Action item » Every entry here should be copied exactly.

Data records »
#####

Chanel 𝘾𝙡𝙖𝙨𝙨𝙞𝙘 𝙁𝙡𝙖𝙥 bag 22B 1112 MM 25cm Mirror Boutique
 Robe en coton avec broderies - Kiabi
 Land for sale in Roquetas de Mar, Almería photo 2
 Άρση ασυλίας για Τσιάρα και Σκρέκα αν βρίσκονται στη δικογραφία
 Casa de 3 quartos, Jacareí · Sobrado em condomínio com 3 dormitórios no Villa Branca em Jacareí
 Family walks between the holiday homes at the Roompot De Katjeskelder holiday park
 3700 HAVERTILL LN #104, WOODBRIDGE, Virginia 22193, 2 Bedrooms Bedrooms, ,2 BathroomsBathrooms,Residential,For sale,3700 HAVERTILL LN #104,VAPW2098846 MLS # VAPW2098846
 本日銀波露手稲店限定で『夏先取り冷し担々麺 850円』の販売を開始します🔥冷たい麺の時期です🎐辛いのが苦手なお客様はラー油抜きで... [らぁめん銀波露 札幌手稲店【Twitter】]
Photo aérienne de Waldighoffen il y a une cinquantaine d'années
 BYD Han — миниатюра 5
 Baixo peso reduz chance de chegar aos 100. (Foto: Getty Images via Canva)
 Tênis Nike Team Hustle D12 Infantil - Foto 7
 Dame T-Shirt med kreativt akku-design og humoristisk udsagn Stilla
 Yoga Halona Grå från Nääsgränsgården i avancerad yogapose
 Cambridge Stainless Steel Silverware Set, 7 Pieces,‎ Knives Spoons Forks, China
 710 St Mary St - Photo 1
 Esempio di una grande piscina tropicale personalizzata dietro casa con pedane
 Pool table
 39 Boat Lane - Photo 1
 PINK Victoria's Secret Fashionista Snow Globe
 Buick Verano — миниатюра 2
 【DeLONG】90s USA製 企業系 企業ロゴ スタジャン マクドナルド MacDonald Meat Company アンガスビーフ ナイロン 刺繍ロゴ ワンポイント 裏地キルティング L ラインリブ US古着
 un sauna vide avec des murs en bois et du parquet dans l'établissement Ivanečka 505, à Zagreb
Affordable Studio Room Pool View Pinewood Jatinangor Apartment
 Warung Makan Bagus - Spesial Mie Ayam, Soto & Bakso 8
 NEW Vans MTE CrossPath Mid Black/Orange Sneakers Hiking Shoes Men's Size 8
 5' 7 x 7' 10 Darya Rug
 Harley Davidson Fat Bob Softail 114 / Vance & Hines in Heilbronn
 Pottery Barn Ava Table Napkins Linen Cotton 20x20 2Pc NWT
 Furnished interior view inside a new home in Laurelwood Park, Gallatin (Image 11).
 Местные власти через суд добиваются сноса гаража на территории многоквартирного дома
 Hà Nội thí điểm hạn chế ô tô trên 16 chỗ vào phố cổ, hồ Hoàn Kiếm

#####

Output of the task »
Chanel 𝘾𝙡𝙖𝙨𝙨𝙞𝙘 𝙁𝙡𝙖𝙥 bag 22B 1112 MM 25cm Mirror Boutique
 Robe en coton avec broderies - Kiabi
 Land for sale in Roquetas de Mar, Almería photo 2
 Άρση ασυλίας για Τσιάρα και Σκρέκα αν βρίσκονται στη δικογραφία
 Casa de 3 quartos, Jacareí · Sobrado em condomínio com 3 dormitórios no Villa Branca em Jacareí
 Family walks between the holiday homes at the Roompot De Katjeskelder holiday park
 3700 HAVERTILL LN #104, WOODBRIDGE, Virginia 22193, 2 Bedrooms Bedrooms, ,2 BathroomsBathrooms,Residential,For sale,3700 HAVERTILL LN #104,VAPW2098846 MLS # VAPW2098846
 本日銀波露手稲店限定で『夏先取り冷し担々麺 850円』の販売を開始します🔥冷たい麺の時期です🎐辛いのが苦手なお客様はラー油抜きで... [らぁめん銀波露 札幌手稲店【Twitter】]
Photo aérienne de Waldighoffen il y a une cinquantaine d'années
 BYD Han — миниатюра 5
 Baixo peso reduz chance de chegar aos 100. (Foto: Getty Images via Canva)
 Tênis Nike Team Hustle D12 Infantil - Foto 7
 Dame T-Shirt med kreativt akku-design og humoristisk udsagn Stilla
 Yoga Halona Grå från Nääsgränsgården i avancerad yogapose
 Cambridge Stainless Steel Silverware Set, 7 Pieces,‎ Knives Spoons Forks, China
 710 St Mary St - Photo 1
 Esempio di una grande piscina tropicale personalizzata dietro casa con pedane
 Pool table
 39 Boat Lane - Photo 1
 PINK Victoria's Secret Fashionista Snow Globe
 Buick Verano — миниатюра 2
 【DeLONG】90s USA製 企業系 企業ロゴ スタジャン マクドナルド MacDonald Meat Company アンガスビーフ ナイロン 刺繍ロゴ ワンポイント 裏地キルティング L ラインリブ US古着
 un sauna vide avec des murs en bois et du parquet dans l'établissement Ivanečka 505, à Zagreb
Affordable Studio Room Pool View Pinewood Jatinangor Apartment
 Warung Makan Bagus - Spesial Mie Ayam, Soto & Bakso 8
 NEW Vans MTE CrossPath Mid Black/Orange Sneakers Hiking Shoes Men's Size 8
 5' 7 x 7' 10 Darya Rug
 Harley Davidson Fat Bob Softail 114 / Vance & Hines in Heilbronn
 Pottery Barn Ava Table Napkins Linen Cotton 20x20 2Pc NWT
 Furnished interior view inside a new home in Laurelwood Park, Gallatin (Image 11).
 Местные власти через суд добиваются сноса гаража на территории многоквартирного дома
 Hà Nội thí điểm hạn chế ô tô trên 16 chỗ vào phố cổ, hồ Hoàn Kiếm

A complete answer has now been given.